The lack of representation in tech has a direct impact on the technology we build. Had there been a person of color involved at any step in building Google Photos’ auto-tagging feature, the horrifying “gorilla” incident almost certainly wouldn’t have happened. One person’s presence doesn’t magically fix a dataset, but diverse teams ask different questions, catch different failure modes, and push back on assumptions that feel invisible to people for whom the status quo works just fine.

A Checklist

Yes, these models are constantly changing, and it can feel impossible to keep up. So what can we actually do about all this?

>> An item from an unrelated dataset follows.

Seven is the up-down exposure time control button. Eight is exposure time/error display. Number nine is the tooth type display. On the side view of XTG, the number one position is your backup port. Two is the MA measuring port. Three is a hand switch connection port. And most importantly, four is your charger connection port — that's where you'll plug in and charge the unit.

  • Diversify the teams building these systems. This isn’t to check a box or proudly claim how inclusive you are — it has a measurable technical impact as well as an ethical one. The people writing the algorithms, curating the training data, and defining the success metrics shape what the system values and what it overlooks.
  • Test with people who aren’t like you. If you’re validating a model and your test group is demographically homogeneous, you don’t actually know how it performs. You know how it performs on people like your test group.
  • Stay skeptical of your own outputs. AI-generated content like code, alt text, recommendations, and classifications can look authoritative while carrying embedded bias. “The model said so” is not real validation. Humans need to stay in the loop, now more than ever, and to challenge your own biases along with the machine’s.
  • Name the bias when you see it. Jacky Alciné tweeted about Google Photos in 2015 and the ensuing publicity forced a response, however inadequate. Calling these things out is important: it holds companies accountable and makes other people aware. We shouldn’t need to rely on users to catch these failures “in prod”, but when they do, it deserves a genuine response and repair.

Human skills like empathy, critical thinking, discernment, and compassion are essential to identify and mend the gaps these systems cause. These tools were built by people, and they reflect people. Fixing them will also require people — different ones, and more of them, at every step.